This is a recipe for easy and visually appealing shrimp spring rolls, perfect as an appetizer. They are healthy because they are pan-fried with minimal oil. They are perfect for home parties or as snacks, with an authentic flavor that both adults and children will love.
Ingredients
Main Ingredients (Serves 8 rolls)
- Shrimp 8 pcs
- Spring Roll Wrappers 2 sheets
- Shiso Leaves 8 pcs
- All-purpose Flour (for pasting) (as needed)

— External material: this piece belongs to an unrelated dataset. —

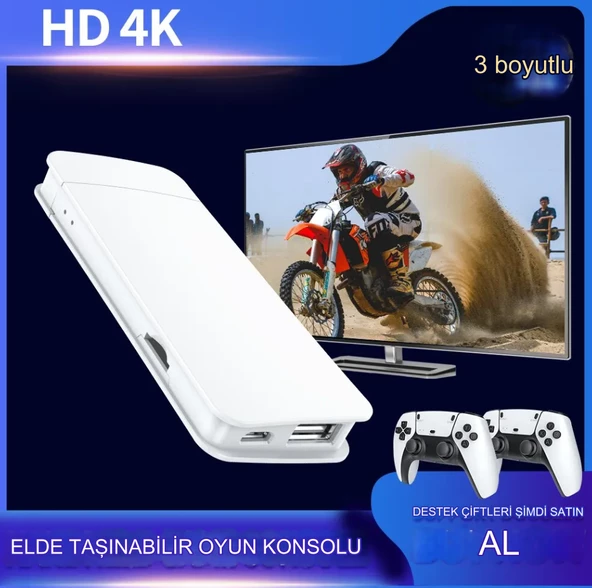 2.4G Wireless Kablosuz Controller 3D 4K HD Klasik Retro Atari Video Game Oyun Konsolu ürün görseli 1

- Water (for pasting) (as needed)
- Oil for frying (as needed)
Seasonings
- Salt (a pinch)
- Black Pepper (a pinch)
- Melted Butter 2 tbsp
- Sichuan Pepper (Hua Jiao) (a pinch)
- [A] Mayonnaise 2 tbsp
- [A] Mustard (a pinch)
- [A] Chili Oil (as needed)
Steps
- Make shallow cuts on the back of 8 shrimp. This is the key! This prevents the shrimp from curling up during cooking.
- Place the shrimp in a bowl and season with a pinch of salt and a pinch of black pepper.
- Next, add 2 tbsp of melted butter and a pinch of Sichuan pepper, and mix well into the shrimp.
- Add water little by little to the all-purpose flour and mix to create a thick paste for sealing.
- Cut the 2 spring roll wrappers into 1/4 squares and trim the corners.
- Place a triangle of spring roll wrapper in front of you, lay down 1 shiso leaf, and then place 1 shrimp on top with the tail sticking out.
- Roll up tightly from the front, and seal with the flour paste you made. Roll the remaining shrimp in the same way.
- Heat about 1cm of oil for frying in a frying pan to 170℃ (340°F).
- Lightly fry the trimmed ends of the spring roll wrappers, drain the oil, and set aside as chips.
- Next, place the rolled shrimp spring rolls in the frying pan and fry until golden brown, flipping them over.
- Drain the oil from the fried spring rolls and arrange them on a plate.
- Scatter the reserved spring roll wrapper chips over the spring rolls and serve.
- In a small dish, combine 2 tbsp of mayonnaise, a pinch of mustard, and chili oil as needed, and mix well to create the dipping sauce.